**Exercise description**
Lines in which "lysate" appears should be pulled from the data below.

----

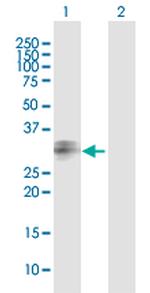 PPT1 Antibody in Western Blot (WB)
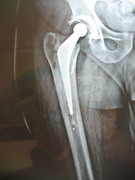 Hips Joints Replacement
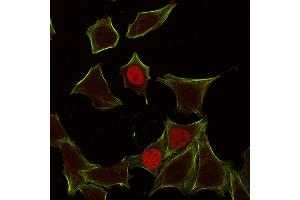 Immunofluorescence (IF) image for anti-Cyclin-Dependent Kinase Inhibitor 1A (p21, Cip1) (CDKN1A) antibody (ABIN6939037)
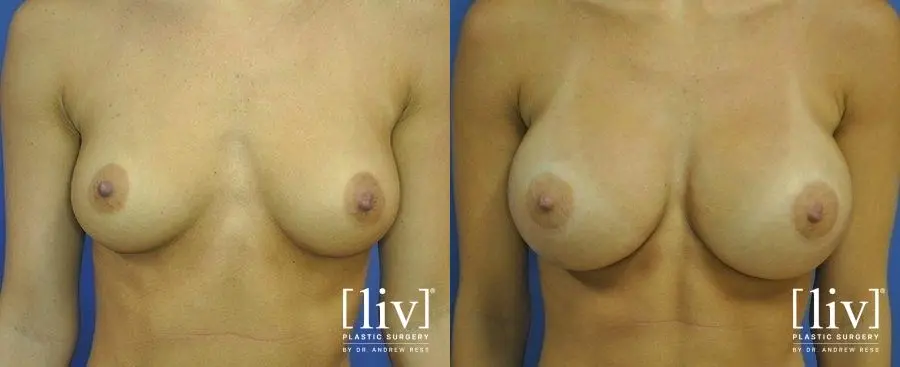 Breast Augmentation: Patient 11 - Before and After 1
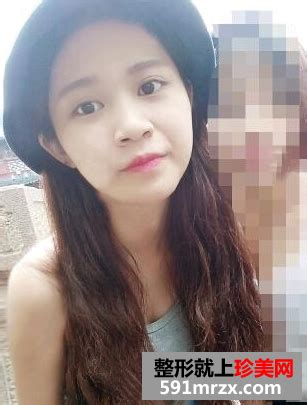 打瘦脸针会不会显老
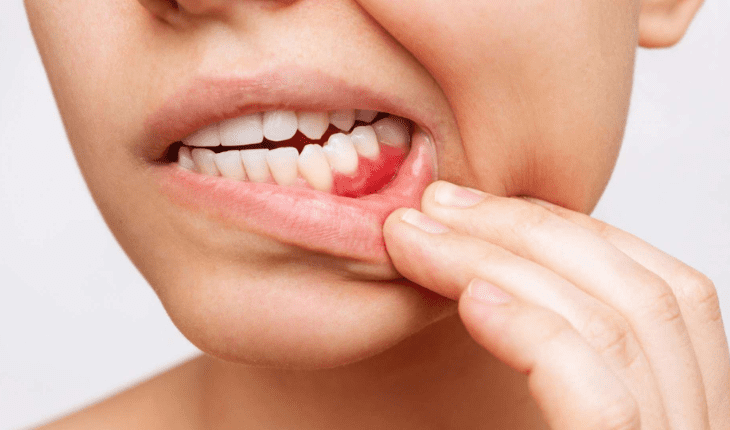 Service Provider of Bleeding Gums Ayurvedic Treatment in New Delhi, Delhi, India.
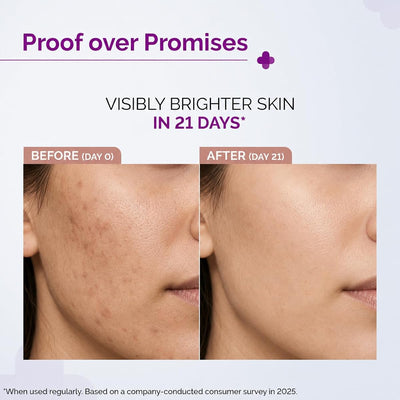 The Derma Co Face Serum - 10% Vitamin C with Niacinamide & Hyaluronic Acid, 30ml - Image 3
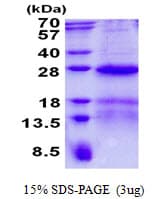 Human NOP16 Protein (Recombinant His)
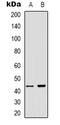 Armadillo Repeat Containing X-Linked 3 antibody, abx133662, Abbexa, Western Blot image 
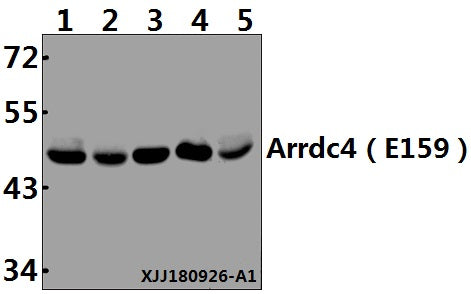 Western blot (WB) analysis of Arrdc4 (E159) pAb at 1:500 dilution
Lane1:Panc1 whole cell lysate(40µg)
Lane2:SGC7901 whole cell lysate(40µg)
Lane3:A549 whole cell lysate(40µg)
Lane4:PC3 whole cell lysate(40µg)
Lane5:HCC827 whole cell lysate(40µg)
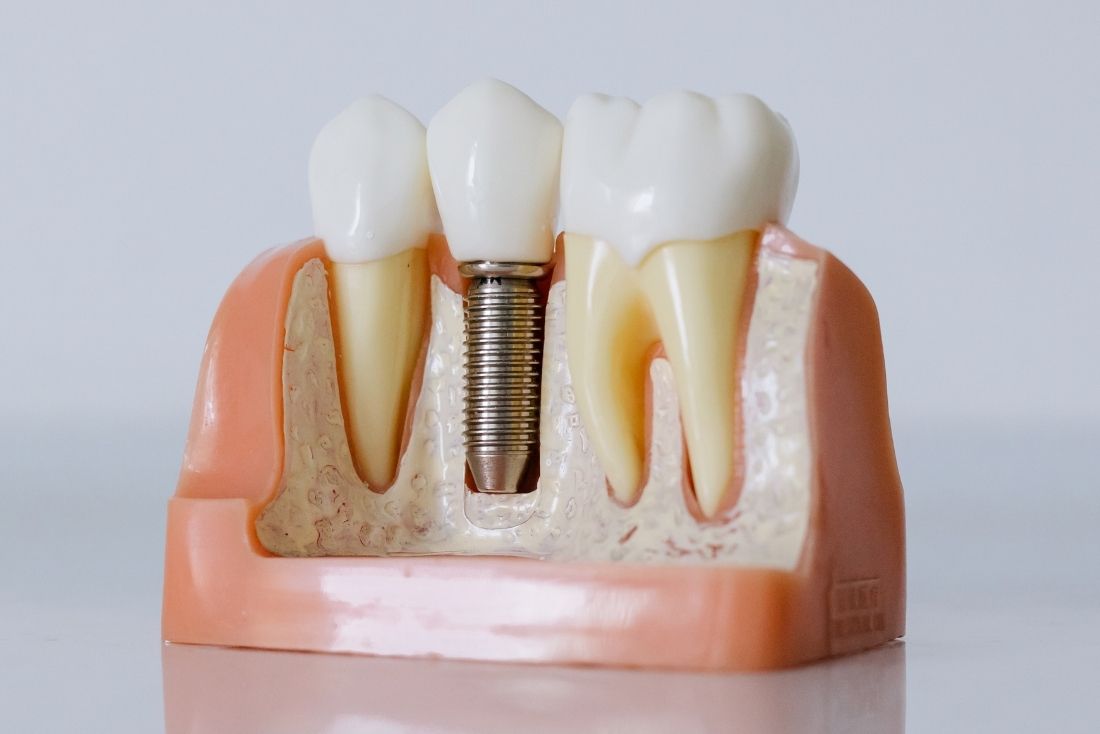 A dental implant model showing two artificial teeth and a central screw surrounded by gum and bone tissue.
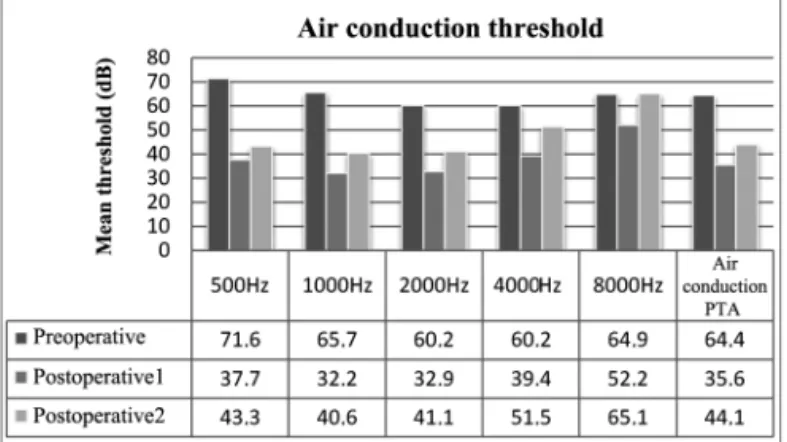 Figure 2.  Mean bone thresholds for each frequency and bone PTA  values.
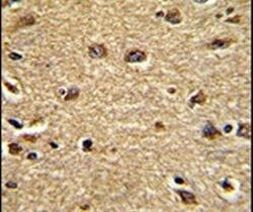 CLUAP1 Antibody in Immunohistochemistry (IHC)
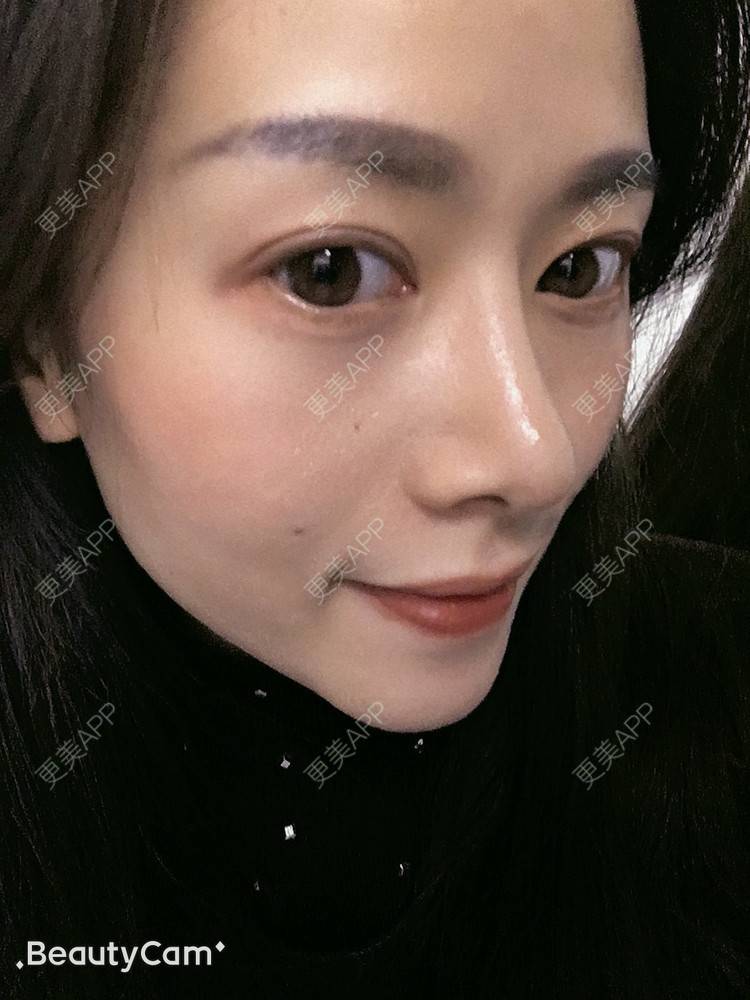 更美 - 进击的露露的隆鼻经验 | 隆鼻 | 鼻部多项 | 硅胶垫下巴 | 膨体隆鼻 | 重庆 | 鼻中隔软骨隆鼻 | 耳软骨隆鼻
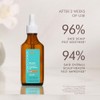 Moroccanoil Tratamiento Cuero Cabelludo Seco, 45 ml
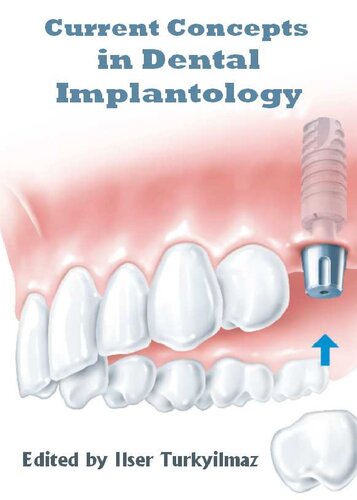 Current Concepts In Dental Implantology Ilser Turkyilmaz Editor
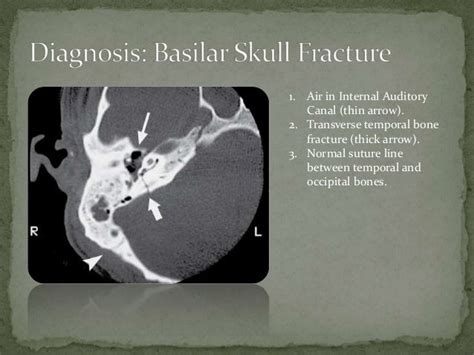 Basal Skull Fracture Signs Basal Skull Fractures This Type Of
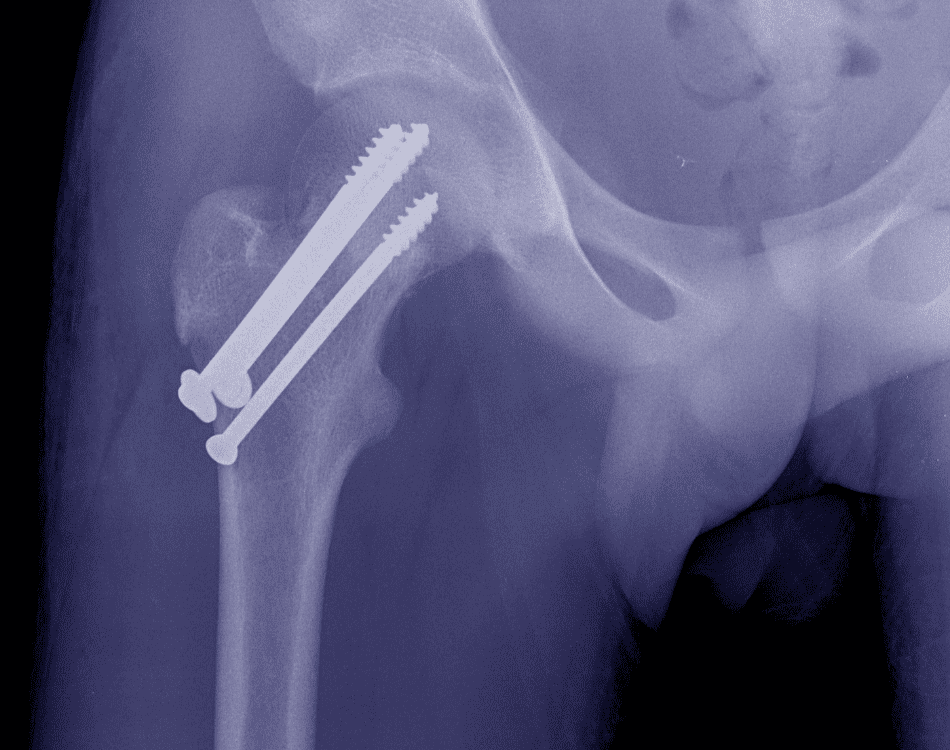 Fijación de fracturas de cadera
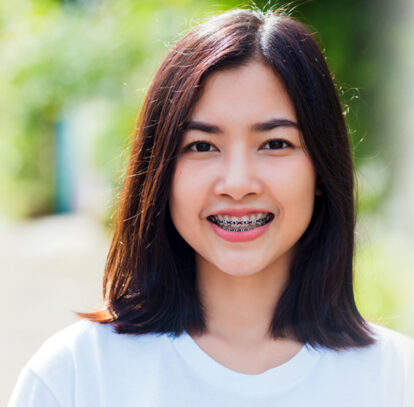 How To Correct Misaligned Teeth With Orthodontic Treatments.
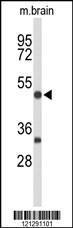 Anti-MEF2A Rabbit Polyclonal Antibody (AP (Alkaline Phosphatase))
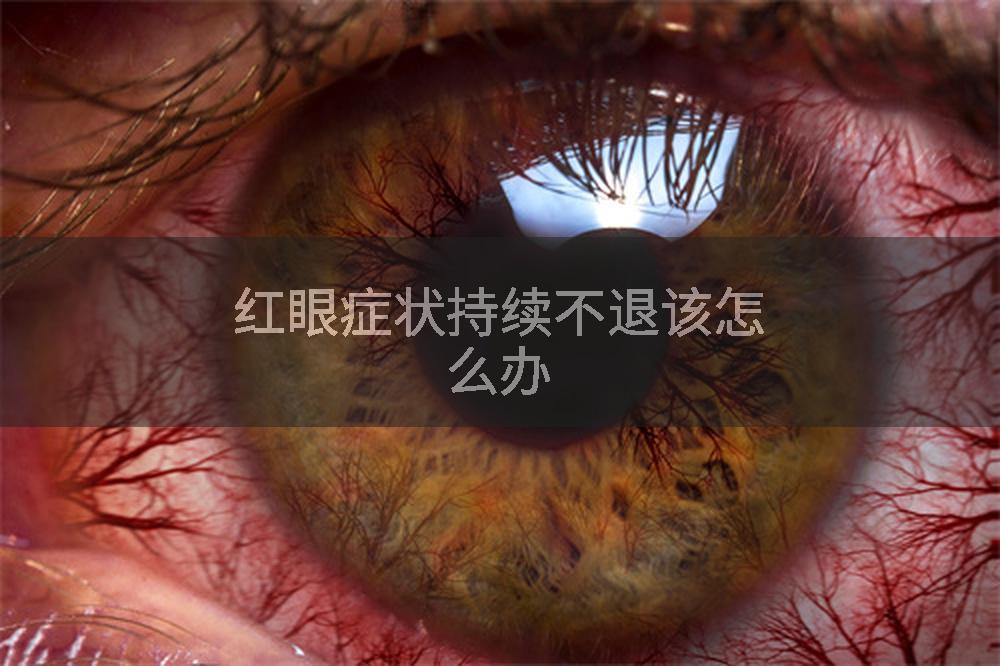 红眼症状持续不退该怎么办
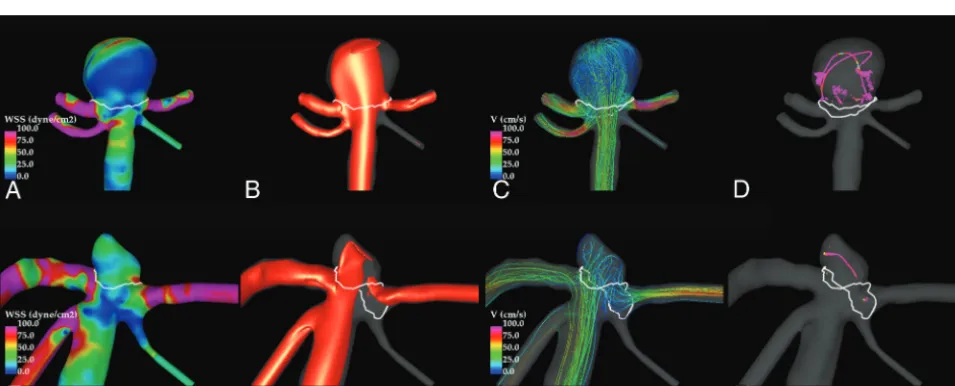 FIG 3.Comparison of hemodynamic variables across BAtip and ICAbif aneurysms groupedaccording to their sizes as small, medium, and large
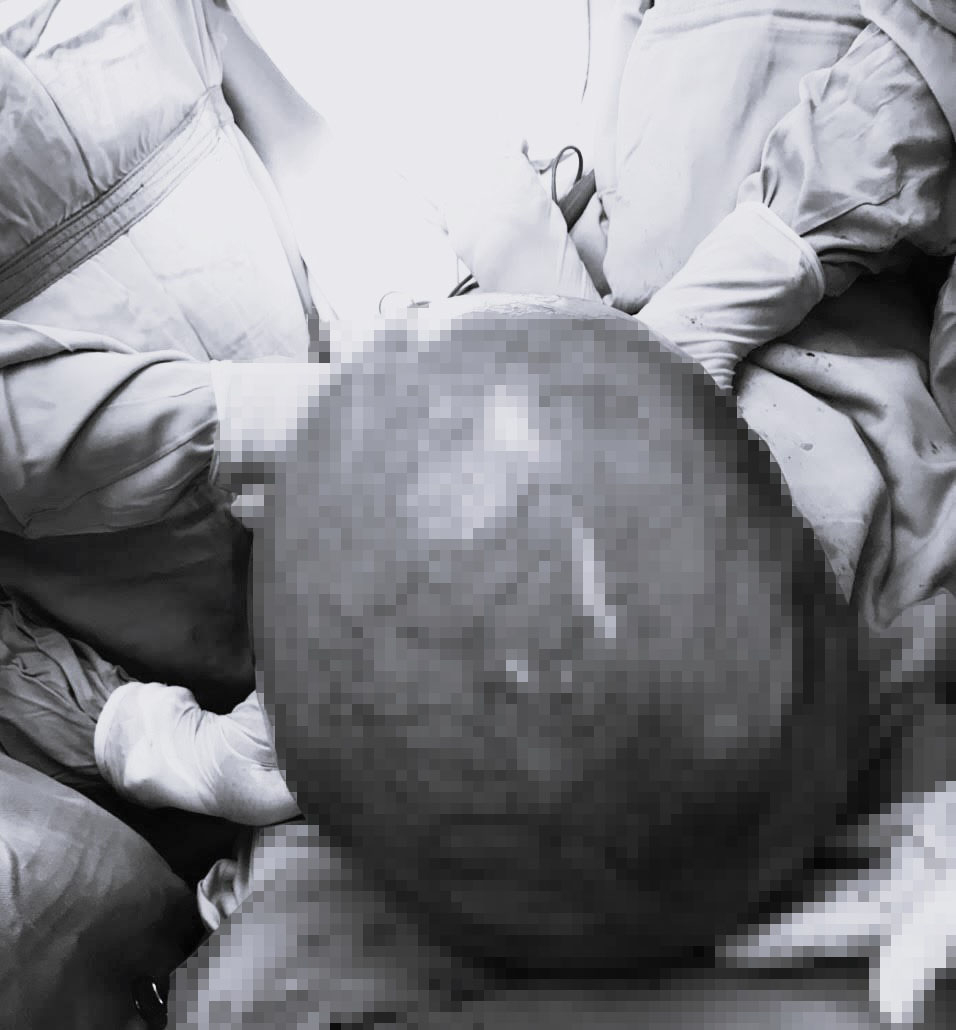 Khối u tử cung khổng lồ hàng ngàn ca có một khiến các bác sĩ Bệnh viện K phải ngỡ ngàng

----

**Exercise answer**
Lane1:Panc1 whole cell lysate(40µg)
Lane2:SGC7901 whole cell lysate(40µg)
Lane3:A549 whole cell lysate(40µg)
Lane4:PC3 whole cell lysate(40µg)
Lane5:HCC827 whole cell lysate(40µg)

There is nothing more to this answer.